Problem to work on:
Exclude the pictures, then repeat the remaining data exactly.

Data extract:

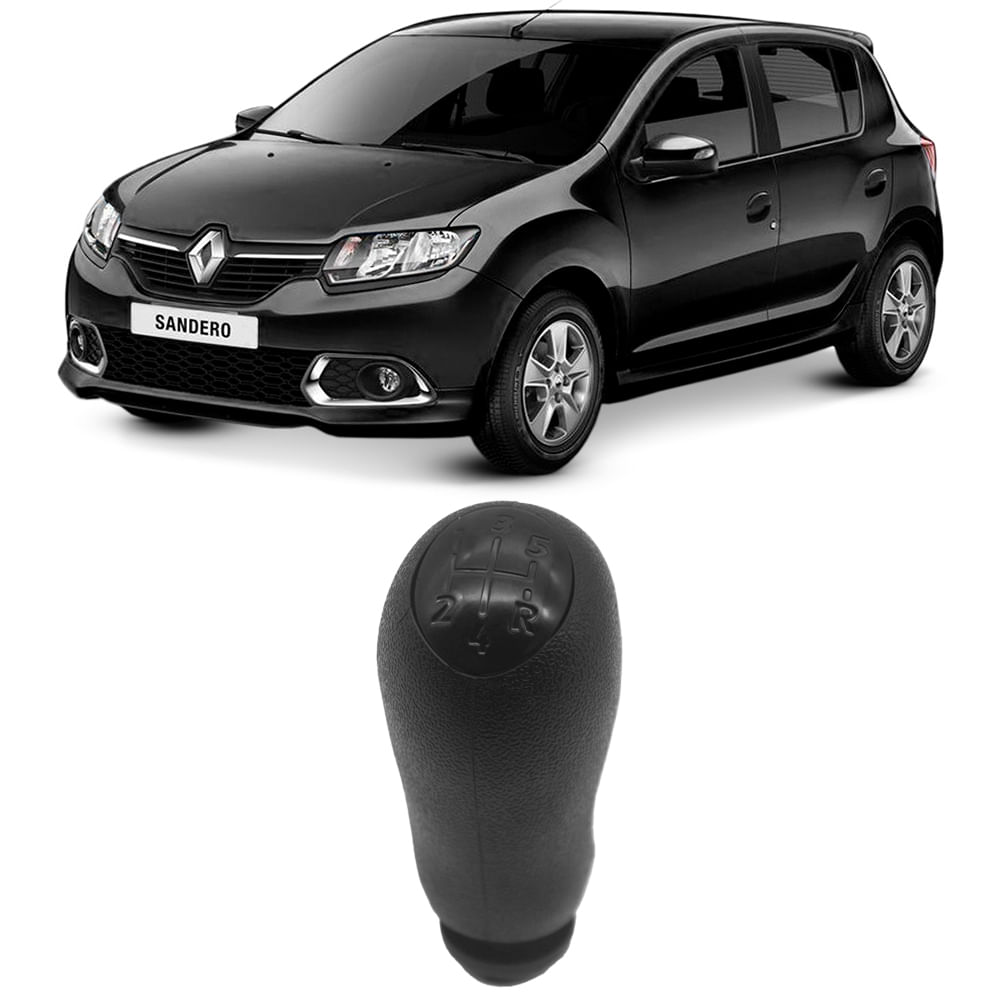 Encontraproduto.com.br - Manopla Bola Câmbio Duster Logan Sandero 5 Marchas Preto Com Bucha Com Tampa Preta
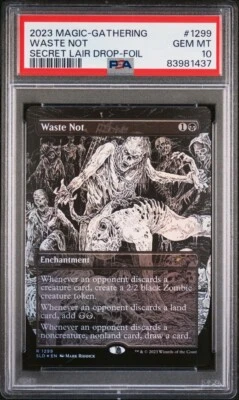 Waste Not Borderless FOIL 1299 Secret Lair MTG Gem Mint PSA 10 - Image 1 of 3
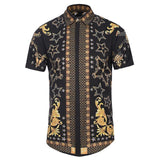 Mr.1991INC New Fashion Brand Shirt Men Summer Short Sleeve Golden Flowers Print Striped Shirts Casual 3d Shirts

Expected answer:
 Encontraproduto.com.br - Manopla Bola Câmbio Duster Logan Sandero 5 Marchas Preto Com Bucha Com Tampa Preta
 Waste Not Borderless FOIL 1299 Secret Lair MTG Gem Mint PSA 10 - Image 1 of 3
 Mr.1991INC New Fashion Brand Shirt Men Summer Short Sleeve Golden Flowers Print Striped Shirts Casual 3d Shirts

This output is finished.